WHAT YOU WILL DO: From the entries below, please output exactly the lines starting at the one containing "Chefman 1-2 Cup" and ending at the one containing "Vosková lazura Remmers", both included.

DATASET:
◇ ◇ ◇ ◇ ◇ ◇ ◇
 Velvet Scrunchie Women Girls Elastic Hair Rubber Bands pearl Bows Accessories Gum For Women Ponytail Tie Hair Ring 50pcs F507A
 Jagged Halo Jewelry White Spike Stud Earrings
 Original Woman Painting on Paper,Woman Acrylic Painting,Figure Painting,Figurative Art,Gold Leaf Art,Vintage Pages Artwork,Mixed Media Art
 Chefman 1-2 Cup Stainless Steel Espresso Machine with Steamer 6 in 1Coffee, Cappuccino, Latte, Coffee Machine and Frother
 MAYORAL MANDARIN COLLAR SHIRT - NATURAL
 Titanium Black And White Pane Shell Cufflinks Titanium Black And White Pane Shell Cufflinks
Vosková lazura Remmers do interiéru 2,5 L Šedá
◇ ◇ ◇ ◇ ◇ ◇ ◇
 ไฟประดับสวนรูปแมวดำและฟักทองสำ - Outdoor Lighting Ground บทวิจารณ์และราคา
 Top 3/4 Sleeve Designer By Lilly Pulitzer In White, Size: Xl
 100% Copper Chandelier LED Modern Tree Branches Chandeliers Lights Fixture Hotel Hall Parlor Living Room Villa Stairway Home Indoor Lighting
◇ ◇ ◇ ◇ ◇ ◇ ◇
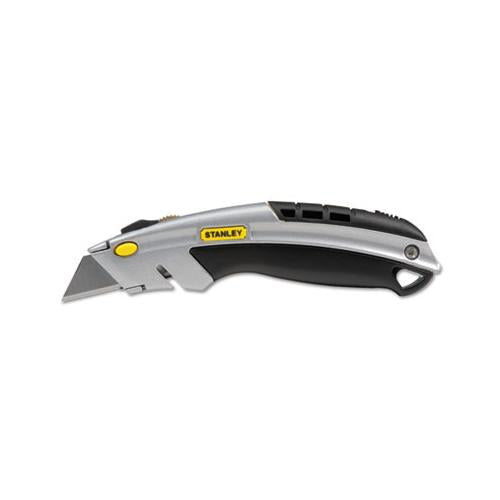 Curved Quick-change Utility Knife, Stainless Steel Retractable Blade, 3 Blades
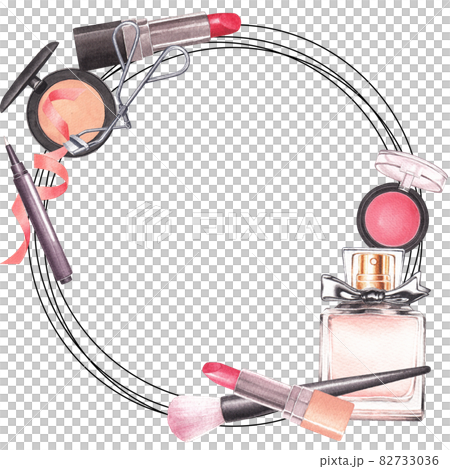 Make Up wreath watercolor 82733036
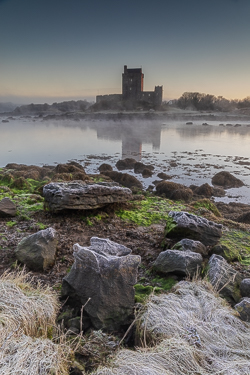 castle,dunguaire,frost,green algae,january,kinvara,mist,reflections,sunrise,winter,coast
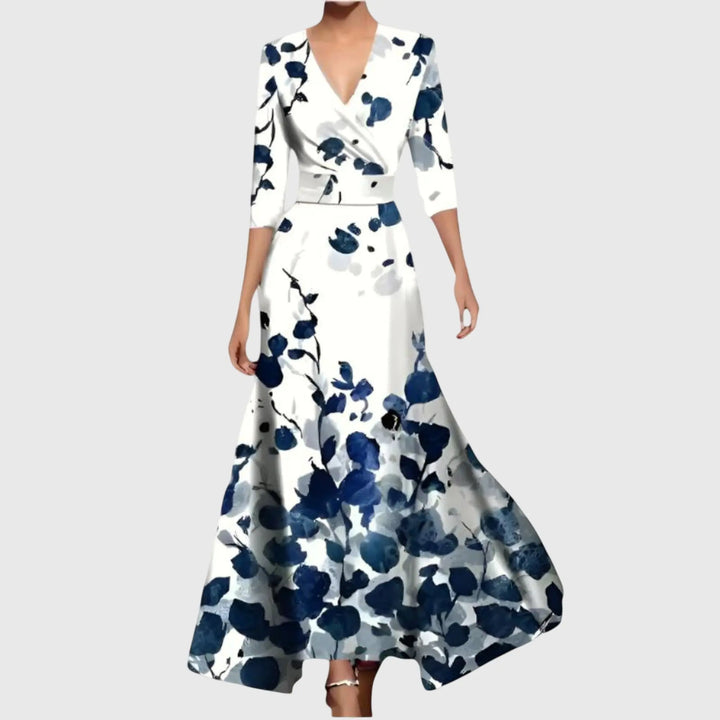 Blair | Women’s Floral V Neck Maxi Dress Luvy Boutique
◇ ◇ ◇ ◇ ◇ ◇ ◇
EXPECTED OUTPUT:
 Chefman 1-2 Cup Stainless Steel Espresso Machine with Steamer 6 in 1Coffee, Cappuccino, Latte, Coffee Machine and Frother
 MAYORAL MANDARIN COLLAR SHIRT - NATURAL
 Titanium Black And White Pane Shell Cufflinks Titanium Black And White Pane Shell Cufflinks
Vosková lazura Remmers do interiéru 2,5 L Šedá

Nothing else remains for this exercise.